The cornerstone of TB care relies on early detection and diagnosis of disease in patients (case finding), screening of their contacts (contact tracing) and treatment completion (case holding). An estimated three million people with active TB remain undiagnosed each year globally; continue to spread the disease, with major implications for their own health, and the health of communities they live in . Public health services rely largely on passive case finding which assumes that people have an awareness of TB, are able to recognise their symptoms and seek treatment.

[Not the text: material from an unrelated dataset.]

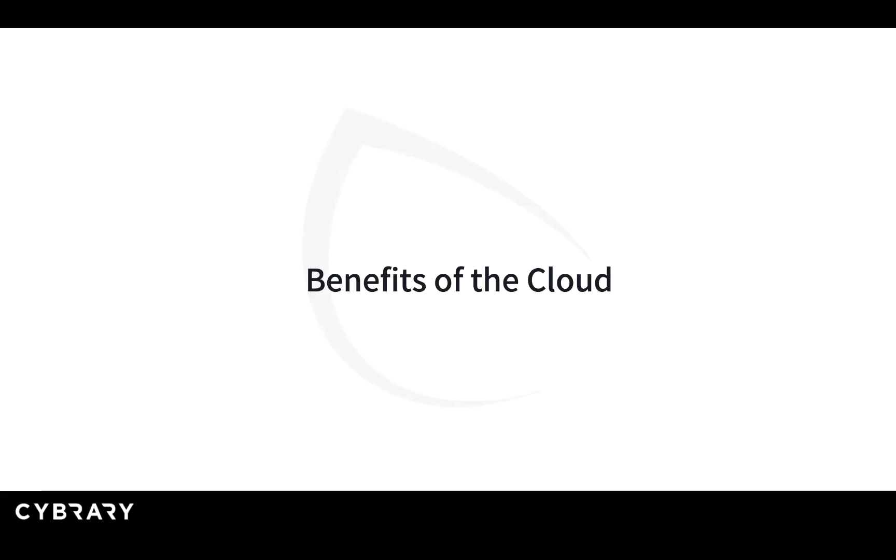Why is the cloud so important? And what are the benefits? Why does everybody want to get in the cloud?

Much of the health care seeking behaviour literature has been dominated by social cognition models such as the Health Belief Model. This was initially developed to understand the reasons for the failure of a free, preventative TB screening programme in the US in the 1950’s . This model broadly suggests that people will seek health care based on their perceived risk of contracting tuberculosis, the severity of the disease and its consequences. The likelihood of the patient seeking help depends on his or her perception of the benefits of pursuing a course of action and any perceived barriers. Additional ‘cues to action’ are predicated on knowledge of symptoms and ability to act on those symptoms (self-efficacy). Acknowledging that this model may be over simplistic, a further distinction has been posited between deliberative choices and actions, which are consciously planned, and non-deliberative which are habitual and less amenable to rational thought or changes in behaviour . The UK House of Lords Science and Technology Select Committee, tasked to analyse the evidence underpinning polices aimed at changing behaviour for example, noted that much research has emphasised the deliberative, rational actor approach at the expense of non-deliberative health actions . Further criticism levied at social cognition models concerns their conceptual basis, which is not strong,  and lack of attention to the role of context in shaping decisions about health care . For example it is widely recognised that those who are in most need of healthcare are least able to access services, a phenomenon termed the ‘inverse care law’ .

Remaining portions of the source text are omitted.